Combat Profile
Ancestral Communion
temporarily grants allies access to the wisdom and skills of their departed lineage, enhancing abilities for three turns.
Spirit Embodiment
exists simultaneously in physical and spectral form, gaining resistance to mundane harm and the ability to perceive hidden spiritual threats.
Title: Household Spirits, The Watchful Dead, The Embodied Lineage
Tradition: Siberian Sacred | All Turkic-Mongol peoples
Description:
An ongon (or onggon) is not a ghost—it is a spirit voluntarily taking residence in a physical object: a carved figurine, a wooden stick, a preserved animal pelt or skull, a bone carving. The ancestor (or protective spirit) literally lives in this object. It is fed, honored, consulted, and feared.
A Mongol warrior might carry a small ongon figurine into battle, speaking to it before combat: “Protect me. Grant me victory. I will honor you upon return.” The ongon of a deceased shaman is more powerful than the ongon of a commoner—shamanic lineages can persist through their objects for generations.
Ongons require maintenance: regular placement in the best position of the house, offerings of fermented milk or meat, songs of gratitude. A neglected ongon becomes resentful, vengeful.
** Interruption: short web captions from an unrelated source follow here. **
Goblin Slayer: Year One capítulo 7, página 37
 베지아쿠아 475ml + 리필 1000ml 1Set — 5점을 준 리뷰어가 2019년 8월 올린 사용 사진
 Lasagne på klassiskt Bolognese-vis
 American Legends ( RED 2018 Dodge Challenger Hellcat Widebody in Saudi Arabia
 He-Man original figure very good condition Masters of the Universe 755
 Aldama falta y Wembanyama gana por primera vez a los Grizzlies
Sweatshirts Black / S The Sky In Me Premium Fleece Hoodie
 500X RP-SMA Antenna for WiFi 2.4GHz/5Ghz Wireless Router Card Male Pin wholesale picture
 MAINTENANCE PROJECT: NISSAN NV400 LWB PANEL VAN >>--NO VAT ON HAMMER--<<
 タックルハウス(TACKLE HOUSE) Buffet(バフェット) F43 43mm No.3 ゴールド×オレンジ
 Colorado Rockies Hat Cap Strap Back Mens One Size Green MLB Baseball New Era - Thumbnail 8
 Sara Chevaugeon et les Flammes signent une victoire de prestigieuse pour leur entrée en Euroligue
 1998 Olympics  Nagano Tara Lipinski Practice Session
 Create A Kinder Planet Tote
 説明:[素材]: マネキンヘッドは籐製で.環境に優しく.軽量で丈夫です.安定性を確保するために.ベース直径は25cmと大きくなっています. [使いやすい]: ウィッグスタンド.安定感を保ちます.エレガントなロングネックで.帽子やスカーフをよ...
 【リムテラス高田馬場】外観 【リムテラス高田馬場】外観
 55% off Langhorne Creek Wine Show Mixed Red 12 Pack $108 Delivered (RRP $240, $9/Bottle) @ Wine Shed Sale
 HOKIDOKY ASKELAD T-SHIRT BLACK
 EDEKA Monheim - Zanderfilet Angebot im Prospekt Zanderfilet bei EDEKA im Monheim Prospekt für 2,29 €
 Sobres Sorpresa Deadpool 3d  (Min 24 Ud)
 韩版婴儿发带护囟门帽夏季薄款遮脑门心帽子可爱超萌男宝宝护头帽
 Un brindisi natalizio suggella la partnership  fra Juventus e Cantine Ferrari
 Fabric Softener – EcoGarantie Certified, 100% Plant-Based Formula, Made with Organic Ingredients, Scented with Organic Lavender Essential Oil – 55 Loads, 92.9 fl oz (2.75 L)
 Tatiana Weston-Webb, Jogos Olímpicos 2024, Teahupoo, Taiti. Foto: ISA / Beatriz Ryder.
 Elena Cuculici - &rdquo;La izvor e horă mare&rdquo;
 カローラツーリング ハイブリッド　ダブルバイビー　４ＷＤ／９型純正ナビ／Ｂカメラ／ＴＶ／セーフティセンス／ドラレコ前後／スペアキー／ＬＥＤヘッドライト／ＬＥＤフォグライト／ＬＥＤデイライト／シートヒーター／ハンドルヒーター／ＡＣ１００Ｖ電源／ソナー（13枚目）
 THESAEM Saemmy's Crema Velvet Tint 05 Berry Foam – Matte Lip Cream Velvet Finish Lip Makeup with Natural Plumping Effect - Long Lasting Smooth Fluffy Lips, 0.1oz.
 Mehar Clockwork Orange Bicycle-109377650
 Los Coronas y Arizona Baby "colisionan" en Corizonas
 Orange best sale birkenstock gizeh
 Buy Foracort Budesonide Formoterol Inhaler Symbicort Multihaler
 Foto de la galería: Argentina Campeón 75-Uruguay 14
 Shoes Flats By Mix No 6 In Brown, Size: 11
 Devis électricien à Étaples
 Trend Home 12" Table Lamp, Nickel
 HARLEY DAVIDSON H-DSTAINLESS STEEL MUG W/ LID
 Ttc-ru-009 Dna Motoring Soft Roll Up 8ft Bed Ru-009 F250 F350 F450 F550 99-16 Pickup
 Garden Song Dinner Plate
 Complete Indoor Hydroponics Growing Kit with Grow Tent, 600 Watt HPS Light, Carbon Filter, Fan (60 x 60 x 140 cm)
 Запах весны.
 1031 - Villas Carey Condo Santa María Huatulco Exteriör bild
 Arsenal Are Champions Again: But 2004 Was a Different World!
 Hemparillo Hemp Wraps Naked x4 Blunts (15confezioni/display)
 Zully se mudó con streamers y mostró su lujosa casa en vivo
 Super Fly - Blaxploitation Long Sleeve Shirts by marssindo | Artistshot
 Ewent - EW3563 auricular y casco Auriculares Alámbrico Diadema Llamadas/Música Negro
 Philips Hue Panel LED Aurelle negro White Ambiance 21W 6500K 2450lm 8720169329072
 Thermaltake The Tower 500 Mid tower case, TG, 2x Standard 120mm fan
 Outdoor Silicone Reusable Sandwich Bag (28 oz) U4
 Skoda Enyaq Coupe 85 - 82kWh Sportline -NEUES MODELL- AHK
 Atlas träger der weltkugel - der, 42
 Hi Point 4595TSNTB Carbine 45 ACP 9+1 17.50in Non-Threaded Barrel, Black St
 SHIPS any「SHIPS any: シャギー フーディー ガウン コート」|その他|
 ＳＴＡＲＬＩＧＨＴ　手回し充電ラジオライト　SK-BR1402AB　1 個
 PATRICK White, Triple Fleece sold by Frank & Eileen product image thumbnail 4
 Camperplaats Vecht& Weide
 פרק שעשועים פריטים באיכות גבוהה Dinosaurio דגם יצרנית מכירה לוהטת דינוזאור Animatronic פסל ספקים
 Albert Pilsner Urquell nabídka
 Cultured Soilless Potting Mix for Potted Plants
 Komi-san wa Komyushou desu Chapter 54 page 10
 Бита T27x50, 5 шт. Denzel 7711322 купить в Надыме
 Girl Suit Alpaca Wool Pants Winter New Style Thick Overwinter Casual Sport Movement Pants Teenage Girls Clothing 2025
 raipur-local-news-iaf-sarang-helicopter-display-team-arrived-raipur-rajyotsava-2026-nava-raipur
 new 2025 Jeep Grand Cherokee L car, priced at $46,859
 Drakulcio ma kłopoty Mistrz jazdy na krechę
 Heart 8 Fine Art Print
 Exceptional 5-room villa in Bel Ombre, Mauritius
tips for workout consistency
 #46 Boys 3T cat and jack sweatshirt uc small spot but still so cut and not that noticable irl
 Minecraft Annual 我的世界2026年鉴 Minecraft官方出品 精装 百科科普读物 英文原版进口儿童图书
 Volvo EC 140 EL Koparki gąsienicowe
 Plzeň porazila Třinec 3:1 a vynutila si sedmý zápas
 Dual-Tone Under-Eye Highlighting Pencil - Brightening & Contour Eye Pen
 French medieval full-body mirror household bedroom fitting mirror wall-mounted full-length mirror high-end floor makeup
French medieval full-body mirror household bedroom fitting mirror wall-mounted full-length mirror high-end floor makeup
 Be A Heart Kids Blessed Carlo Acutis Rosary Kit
A respectfully maintained ongon becomes a family guardian.
Christian missionaries specifically targeted ongons, desecrating them to prove that “the spirits cannot defend themselves”—a calculated psychological attack. Many Siberian families hid their ongons, transferring them secretly through generations.
In RPG Context: Ongons are relics and fetishes. A character can bind an ancestor spirit into an object, creating a magical familiar with specific properties inherited from the ancestor’s life. Destroying an ongon can anger or free the trapped spirit.
STAT BLOCK:
| Stat | Score |
|---|---|
| ATK | 35 |
| DEF | 65 |
| SPR | 72 |
| SPD | 48 |
| INT | 58 |
| CHA | 61 |
| WIS | 64 |
| END | 67 |
| Element | Psychic |
| Role | Guardian |
| Rarity | Uncommon |
| Threat | Minor |
| LCK | 78 |
| ARC | 72 |
| Special | Ancestral Communion — temporarily grants allies access to the wisdom and skills of their departed lineage, enhancing abilities for three turns. |
| Passive | Spirit Embodiment — exists simultaneously in physical and spectral form, gaining resistance to mundane harm and the ability to perceive hidden spiritual threats. |
| Epithets | ”Ongon” (Mongol/Buryat), “Onggon” (alternative spelling), “Itigin” (Buryat household spirit variant), “The Embodied Ancestor,” “The Household Watcher” |
| Sacred Animals | The specific animal whose pelt or skull forms the ongon — reindeer, wolf, bear, or horse skulls are common; a shaman’s ongon may be housed in a preserved bird (eagle, owl) |
| Sacred Objects | The physical ongon object itself (carved wood, bone, preserved pelt, skull); the household shrine where it is placed; offerings of fermented mare’s milk (kumiss) and meat |
| Sacred Colors | Red (life force, blood — the offering color); blue (Tengri’s blessing); no single sacred color — the ongon carries the colors of its ancestor’s lineage |
| Sacred Number | Variable — a household might maintain 3, 7, or 9 ongons depending on lineage and tradition |
| Consort(s) | N/A — ongons are ancestral spirits, not personal deities |
| Sacred Sites | The household (ger/yurt) — the ongon lives in the honored north or northwest position of the dwelling; the family hearth; grave sites of the ancestor it represents |
| Festivals | New Year ceremonies (Tsagaan Sar in Mongolia) — ongons are cleaned, re-fed, and re-honored; before and after hunts and battles; at births and deaths in the family |
| Iconography | Small carved wooden or bone figures (roughly humanoid or animal); sometimes a bundle of objects tied together; preserved skulls with fur; painted with protective symbols; kept on the highest shelf or honored position of the home |
| Period | Attested in Mongol and Turkic records from at least the 13th century CE (Marco Polo documented them); ethnographic studies from the 17th century onward; practice continuous in rural Mongolian communities |
| Region | Mongolia, Buryatia (Russia), Inner Mongolia (China), southern Siberia broadly — Mongol, Buryat, Evenki, and Yakut traditions all maintain ongon-like practices |
Power Tier: C — Lesser (varies by ancestor’s original power)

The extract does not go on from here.